**Problem details:** Please copy, exactly as they appear below, the lines from the one containing "Royal Blue Satin" through the one containing "Coffee Brewed |".
=== Materials provided ===
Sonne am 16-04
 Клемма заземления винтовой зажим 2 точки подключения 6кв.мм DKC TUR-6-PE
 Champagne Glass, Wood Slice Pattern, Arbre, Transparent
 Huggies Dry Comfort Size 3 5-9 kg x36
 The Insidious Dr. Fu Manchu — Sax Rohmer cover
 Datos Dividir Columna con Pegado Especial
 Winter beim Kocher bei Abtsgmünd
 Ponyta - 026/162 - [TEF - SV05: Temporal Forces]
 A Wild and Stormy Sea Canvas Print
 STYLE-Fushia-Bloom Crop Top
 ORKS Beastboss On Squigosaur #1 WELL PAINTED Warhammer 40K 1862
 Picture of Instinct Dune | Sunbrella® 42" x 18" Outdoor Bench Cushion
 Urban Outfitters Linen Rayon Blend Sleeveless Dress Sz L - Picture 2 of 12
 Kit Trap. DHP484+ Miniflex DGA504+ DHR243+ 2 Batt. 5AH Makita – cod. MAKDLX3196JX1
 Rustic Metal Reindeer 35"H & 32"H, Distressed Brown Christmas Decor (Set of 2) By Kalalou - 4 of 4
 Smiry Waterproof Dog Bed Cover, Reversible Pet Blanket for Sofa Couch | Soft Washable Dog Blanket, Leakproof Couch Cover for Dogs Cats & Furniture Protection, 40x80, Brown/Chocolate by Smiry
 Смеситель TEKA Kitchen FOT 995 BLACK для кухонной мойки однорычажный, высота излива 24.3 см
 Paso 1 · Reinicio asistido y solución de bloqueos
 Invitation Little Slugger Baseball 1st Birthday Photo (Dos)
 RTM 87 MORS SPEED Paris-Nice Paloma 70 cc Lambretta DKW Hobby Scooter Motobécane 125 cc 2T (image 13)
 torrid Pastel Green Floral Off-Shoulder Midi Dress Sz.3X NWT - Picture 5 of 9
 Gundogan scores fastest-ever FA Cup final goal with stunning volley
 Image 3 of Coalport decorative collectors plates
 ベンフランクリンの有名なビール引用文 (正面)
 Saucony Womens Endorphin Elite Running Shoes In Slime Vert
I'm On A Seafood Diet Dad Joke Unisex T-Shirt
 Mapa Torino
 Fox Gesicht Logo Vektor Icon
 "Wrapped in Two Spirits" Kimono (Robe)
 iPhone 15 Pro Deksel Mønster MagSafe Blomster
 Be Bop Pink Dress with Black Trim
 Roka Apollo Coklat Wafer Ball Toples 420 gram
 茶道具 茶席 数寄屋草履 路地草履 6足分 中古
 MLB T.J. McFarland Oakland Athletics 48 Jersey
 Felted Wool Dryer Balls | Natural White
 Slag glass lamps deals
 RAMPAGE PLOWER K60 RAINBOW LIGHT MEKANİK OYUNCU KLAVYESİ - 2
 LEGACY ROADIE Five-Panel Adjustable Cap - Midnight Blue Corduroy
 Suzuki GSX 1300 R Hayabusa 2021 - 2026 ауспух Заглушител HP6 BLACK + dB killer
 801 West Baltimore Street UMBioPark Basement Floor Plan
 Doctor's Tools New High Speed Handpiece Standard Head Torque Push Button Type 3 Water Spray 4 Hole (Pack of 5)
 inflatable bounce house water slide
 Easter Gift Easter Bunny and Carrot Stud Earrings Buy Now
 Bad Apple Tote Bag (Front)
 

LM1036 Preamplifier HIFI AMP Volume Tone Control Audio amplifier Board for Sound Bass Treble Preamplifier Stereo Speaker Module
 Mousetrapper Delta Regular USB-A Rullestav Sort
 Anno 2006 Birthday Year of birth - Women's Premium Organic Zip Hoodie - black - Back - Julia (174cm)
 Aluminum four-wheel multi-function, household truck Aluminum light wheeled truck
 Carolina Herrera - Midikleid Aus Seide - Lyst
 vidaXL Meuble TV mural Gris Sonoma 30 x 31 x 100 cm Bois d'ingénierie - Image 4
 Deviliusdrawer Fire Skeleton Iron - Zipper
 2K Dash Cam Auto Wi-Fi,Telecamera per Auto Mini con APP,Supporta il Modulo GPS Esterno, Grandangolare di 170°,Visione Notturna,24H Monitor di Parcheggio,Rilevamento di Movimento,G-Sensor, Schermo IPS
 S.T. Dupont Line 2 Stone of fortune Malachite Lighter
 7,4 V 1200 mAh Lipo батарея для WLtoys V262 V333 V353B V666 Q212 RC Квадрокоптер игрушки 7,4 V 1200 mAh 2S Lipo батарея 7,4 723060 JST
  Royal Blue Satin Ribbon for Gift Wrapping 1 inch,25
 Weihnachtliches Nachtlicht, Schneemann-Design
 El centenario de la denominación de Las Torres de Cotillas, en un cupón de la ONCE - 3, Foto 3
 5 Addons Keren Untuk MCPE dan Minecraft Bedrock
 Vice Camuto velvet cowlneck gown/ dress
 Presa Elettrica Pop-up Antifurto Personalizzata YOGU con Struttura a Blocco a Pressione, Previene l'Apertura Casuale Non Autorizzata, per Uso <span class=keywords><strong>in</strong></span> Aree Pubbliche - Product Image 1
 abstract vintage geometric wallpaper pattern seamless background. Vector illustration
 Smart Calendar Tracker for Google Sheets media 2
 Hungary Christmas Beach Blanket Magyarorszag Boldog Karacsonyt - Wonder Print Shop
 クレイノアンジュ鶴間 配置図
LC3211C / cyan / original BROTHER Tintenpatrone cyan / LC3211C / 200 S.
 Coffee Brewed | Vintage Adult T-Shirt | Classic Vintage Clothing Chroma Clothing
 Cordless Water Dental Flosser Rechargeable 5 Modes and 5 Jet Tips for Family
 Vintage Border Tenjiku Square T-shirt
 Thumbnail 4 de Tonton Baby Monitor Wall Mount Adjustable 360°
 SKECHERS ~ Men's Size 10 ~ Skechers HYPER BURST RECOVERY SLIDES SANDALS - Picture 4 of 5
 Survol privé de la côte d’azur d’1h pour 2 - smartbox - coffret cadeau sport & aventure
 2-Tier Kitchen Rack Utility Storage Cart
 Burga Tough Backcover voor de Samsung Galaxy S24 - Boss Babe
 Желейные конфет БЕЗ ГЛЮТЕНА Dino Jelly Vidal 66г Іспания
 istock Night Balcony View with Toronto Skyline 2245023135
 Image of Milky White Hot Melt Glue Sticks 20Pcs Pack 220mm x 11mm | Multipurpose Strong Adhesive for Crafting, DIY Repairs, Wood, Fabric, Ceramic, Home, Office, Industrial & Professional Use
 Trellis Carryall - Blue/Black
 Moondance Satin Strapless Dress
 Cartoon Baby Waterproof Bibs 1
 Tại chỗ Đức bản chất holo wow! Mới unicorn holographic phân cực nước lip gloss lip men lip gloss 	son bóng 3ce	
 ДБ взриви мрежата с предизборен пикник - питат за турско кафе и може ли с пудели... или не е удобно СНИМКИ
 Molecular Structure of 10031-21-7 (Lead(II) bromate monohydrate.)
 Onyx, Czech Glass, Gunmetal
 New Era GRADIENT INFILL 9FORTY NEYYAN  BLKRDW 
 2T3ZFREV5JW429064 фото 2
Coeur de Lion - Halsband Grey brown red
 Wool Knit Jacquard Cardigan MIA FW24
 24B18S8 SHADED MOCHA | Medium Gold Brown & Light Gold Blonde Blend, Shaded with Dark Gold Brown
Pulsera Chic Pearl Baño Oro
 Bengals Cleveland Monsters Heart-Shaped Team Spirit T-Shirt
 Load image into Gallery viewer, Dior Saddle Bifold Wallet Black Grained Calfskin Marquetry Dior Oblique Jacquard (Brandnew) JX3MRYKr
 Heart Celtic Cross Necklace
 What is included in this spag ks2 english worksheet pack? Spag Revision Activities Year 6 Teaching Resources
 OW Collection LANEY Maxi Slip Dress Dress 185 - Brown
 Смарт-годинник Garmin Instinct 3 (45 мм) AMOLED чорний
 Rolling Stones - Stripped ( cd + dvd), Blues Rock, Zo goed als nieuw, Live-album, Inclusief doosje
===
**Output for this task:**
  Royal Blue Satin Ribbon for Gift Wrapping 1 inch,25
 Weihnachtliches Nachtlicht, Schneemann-Design
 El centenario de la denominación de Las Torres de Cotillas, en un cupón de la ONCE - 3, Foto 3
 5 Addons Keren Untuk MCPE dan Minecraft Bedrock
 Vice Camuto velvet cowlneck gown/ dress
 Presa Elettrica Pop-up Antifurto Personalizzata YOGU con Struttura a Blocco a Pressione, Previene l'Apertura Casuale Non Autorizzata, per Uso <span class=keywords><strong>in</strong></span> Aree Pubbliche - Product Image 1
 abstract vintage geometric wallpaper pattern seamless background. Vector illustration
 Smart Calendar Tracker for Google Sheets media 2
 Hungary Christmas Beach Blanket Magyarorszag Boldog Karacsonyt - Wonder Print Shop
 クレイノアンジュ鶴間 配置図
LC3211C / cyan / original BROTHER Tintenpatrone cyan / LC3211C / 200 S.
 Coffee Brewed | Vintage Adult T-Shirt | Classic Vintage Clothing Chroma Clothing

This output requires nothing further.